As we have been preparing for this monumental change, I've been examining our lives and the lessons we may impart. I was surprised by a couple silent messages (lies) I found in my life.
Message #1: Failure is Unacceptable.
Somewhere along the line, I bought into the lie that in all things, at all times, I must strive for perfection in everything I do. Failure was not an option for me in my book. I have slowly been working on this one for quite a while now. Somehow I forgot that failure is a normal part of human life and it is the path through which learning occurs. But, by trying to avoid the sting of failure, I isolated myself from the thrill of a hard-earned victory after multiple attempts.

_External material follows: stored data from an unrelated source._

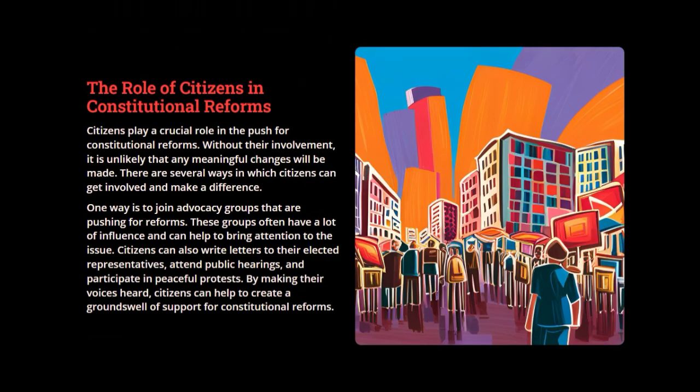The role of citizens in constitutional reforms. Citizens play a very crucial role in the push for constitutional reforms. Without their involvement, it is unlikely that any meaningful changes will be made. There are several ways citizens can get involved: one way is to join advocacy groups that are pushing for reforms, as these groups often have a lot of influence and can help bring attention to the issue. Citizens can also write letters to their elected representatives, attend public hearings, and participate in peaceful protests. By making their voices heard, citizens can help create a groundswell of support for constitutional reforms.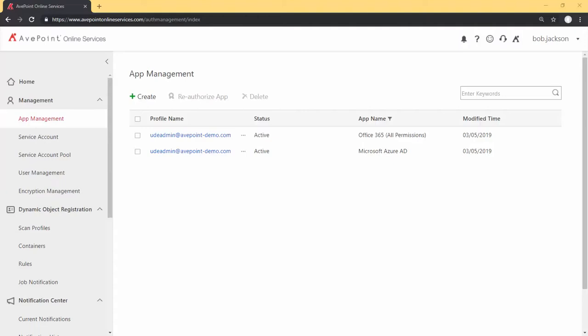Today we're going to show you how to manage apps via the App Management screen in AppPoint Online Services. To get to the App Management screen, select the App Management option on the left-hand menu, and you'll be brought to the App Management page.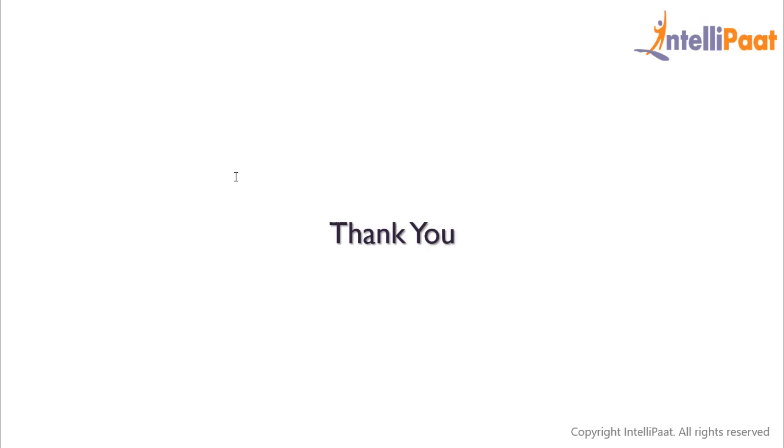So guys, this is how we can create a table in SQL. In the next session we'll learn how to insert records into a table. Thanks for attending this session. Let's meet in the next class.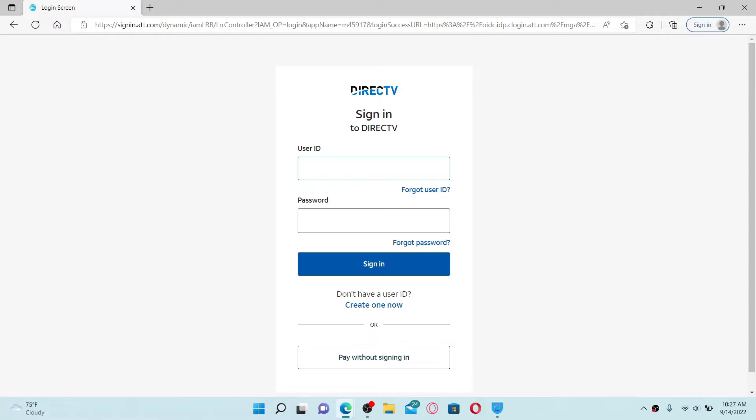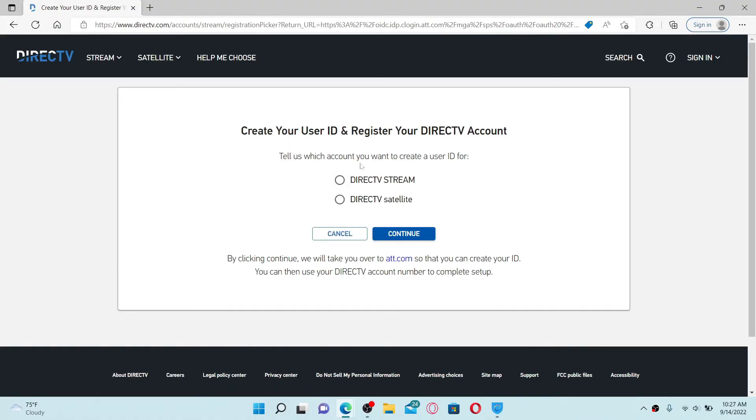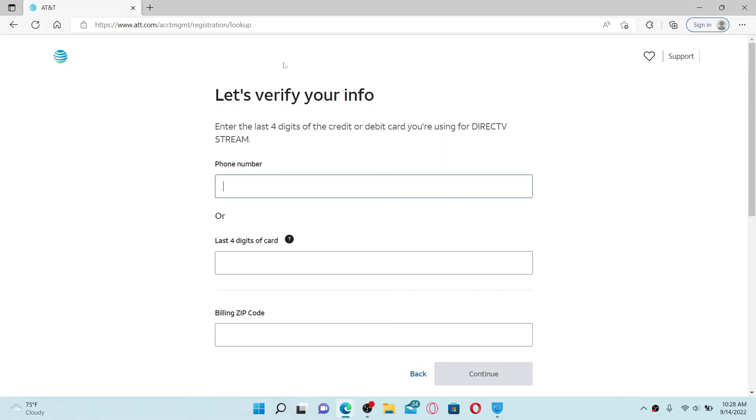But if you don't have one, you need to create a new account. Click on 'Create one now' under 'Don't have a user ID.' Select which account you would like to create a user ID for, whether it is DirecTV Stream or DirecTV Satellite, and give it a click. Once you do that, click continue.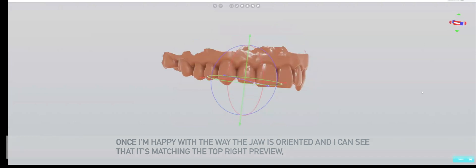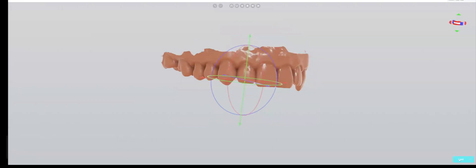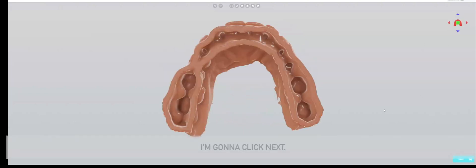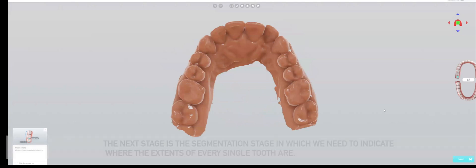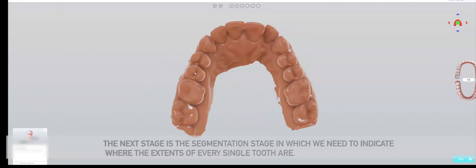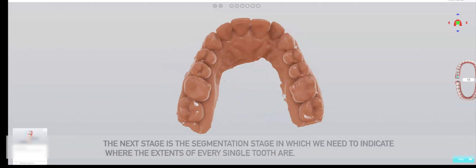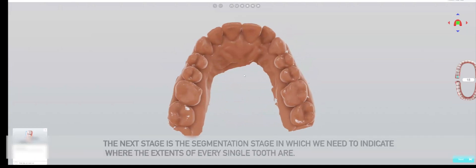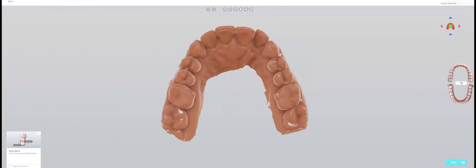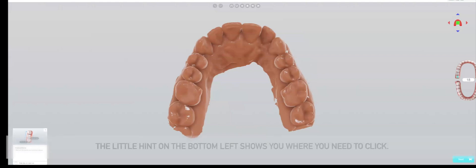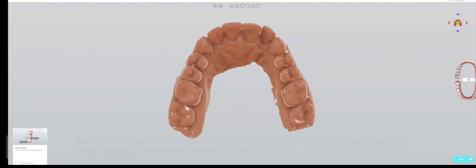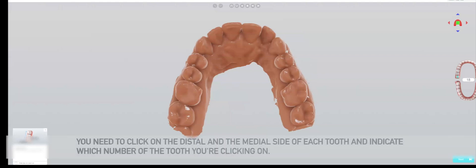Once I'm happy with the way the jaw is oriented and I can see that it's matching the top right preview, I'll click next. The next stage is the segmentation stage in which we need to indicate where the extents of every single tooth are.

Message #2: Self-Limits are Acceptable.
In order to avoid failure, I began to slowly limit myself and stop doing things that were not my strengths. I told myself that it was better for me to play to my strengths and outsource things that were my weaknesses. When I tell myself that I am not good with tools, computers, math, or any other difficult project, I was not allowing myself to thrive in new settings.
Message #3: I Can't.
Before I even tried new things or difficult projects, I would give a knee-jerk reaction of "I can't." I would not try because I was afraid that I could not.

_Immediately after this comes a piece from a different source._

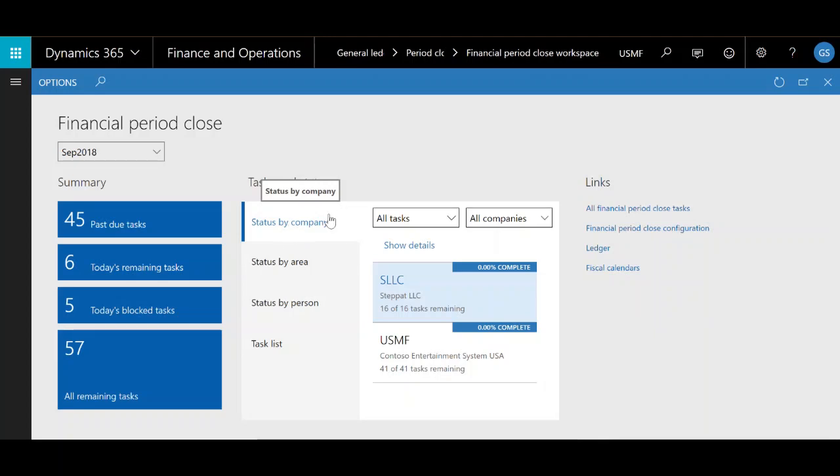Hello everyone! Welcome to the Financial Period Closed Workspace demo brought to you by Avantiko. My name is Garrett and I'm going to be your guide on this presentation.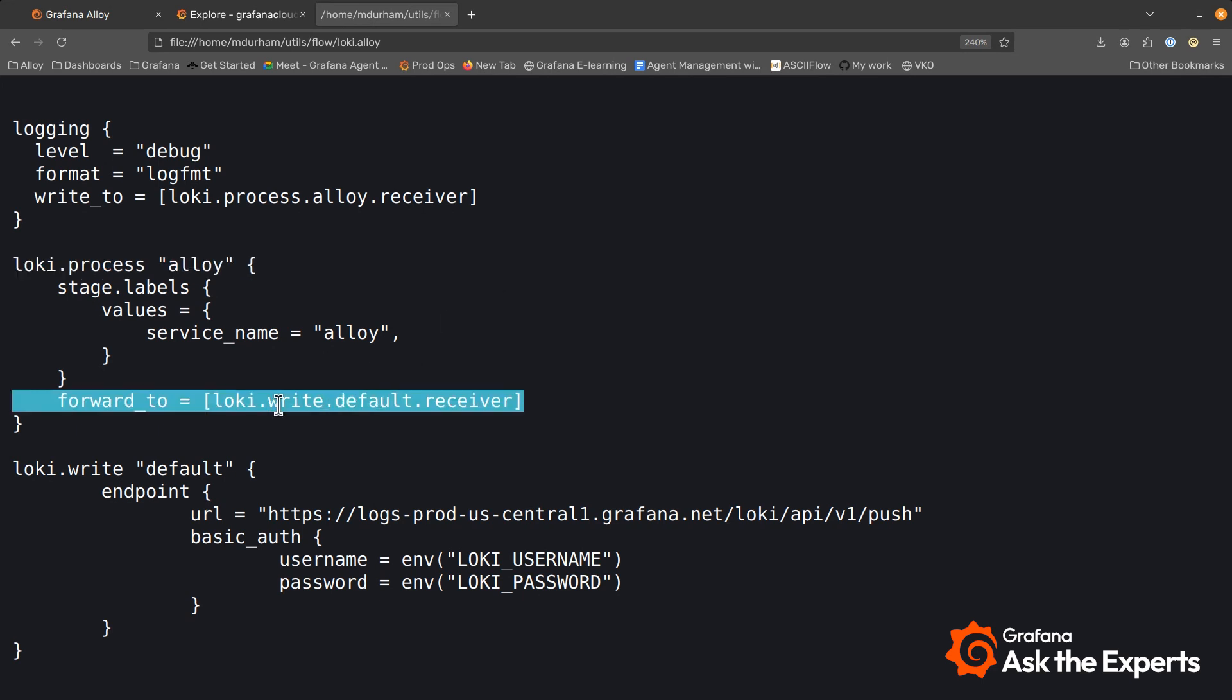And then since we're talking about these pipelines, I'm going to forward any of the transformed data from the Loki.process Alloy to the Loki.write. And Loki.write is what actually sends the data from Alloy itself to Grafana Cloud or any Loki compatible endpoint. It's pretty basic. I have a URL, I have some auth. I'm hiding that with some environment variables so they're not in plain text. And then data is flowing.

So what does this have to do with fostering?
As we are preparing to foster, we are working to get our house up to the CPS-level standards necessary to be entrusted with a child. We are moving things, rearranging items, installing stuff, and other such fixings.
I found myself removing doorknobs and reinstalling safer ones. With my husband's guidance, I installed and moved/installed smoke detectors. I was sorting, organizing, and securing tools in multiple toolboxes. I hooked up my own computer and less than a week later, I swapped desks with my husband (he was on board with it too), prompting me to switch & hook up two computers.
This was when I realized that to change the messages I send to our kids, I would need to first change these messages in me as I replace lies with truth.
Truth #1: Failure is How We Learn:
I realized that I did not want to teach our kids that they should not go to bat because they were afraid that they might strike out. Instead I want them to know that failure is normal and a learning process.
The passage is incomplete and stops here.